The upside in saying “Hello”.
People do not realise the value that lies within their own personal networks, and the personal networks of those that they are close to. The number of business opportunities that I have been able to create simply by talking about my ideas and ventures to people within my own networks, is astounding. Probably close to around 80% of our total business has come this way. And while we tend to be quite well connected to people already in the business or creative arena, this is possible for anyone. Let me prove it.
Today I got chatting to a few guys while in the library at University. They where talking about an Instagram account that they run, growth strategies, and how they managed to grow their account to its current size. This of course caught my ear, so I introduced myself and started to chime in. After a while they started asking about our business (Made & Bound), and how we have been going. One of the guys started to mention how he has been looking to start something similar, using his experience in creating editorials for fashion and lifestyle brands to form a full service agency — just like us.
This individual has a strength in growing a digital audience that we can utilise, while we have a structure and client base that he can begin to create content and build a large following for. That is the value exchange right there.
Here’s the point behind all of this: If I hadn’t have said, “Hello, my name is Dylan. I Couldn’t help but overhear you talking about growing a digital audience…” (And no, I wasn’t actually this formal when I did it) then I would not have found the potential to bring this guy onboard.
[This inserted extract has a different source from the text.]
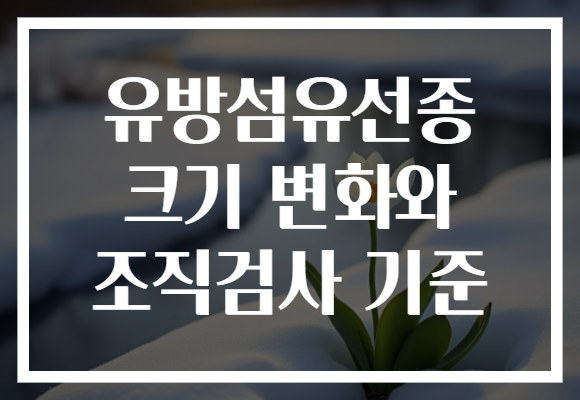 유방섬유선종 크기 변화와 조직검사 기준
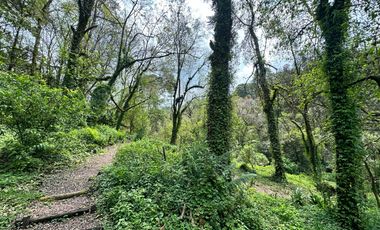 Terreno - San Mateo Acatitlán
The reason this is important is because far too many people between the ages of 15 and 24 do not see the potential in either having a solid personal network that they can leverage, or even in networking at all. A 5 minute conversation can create so much upside for you and your project/venture, but so many people are missing out.
Is it because we aren’t taught to network in high school or University?
Is it because most people are introverted to some degree?
Is it because young people don’t know how to build a network?
Or is it because founders never want to share there ideas, because it is ‘Too great and someone might steal it’?
Most likely its all of the above, to some degree.
Who knows what it is truely because of. But the main point is that this networking needs to happen more. It always seems a very small group of young people creating contacts by tapping into their peers networks. If you think about how ‘social’ our generation is supposed to be, very few seem to be using it to their advantage.
Here are 5 steps to making the connections that you create really work.
- Get the person that gave you the contact point to introduce you. Whether its face-to-face, over email or even over Linkedin.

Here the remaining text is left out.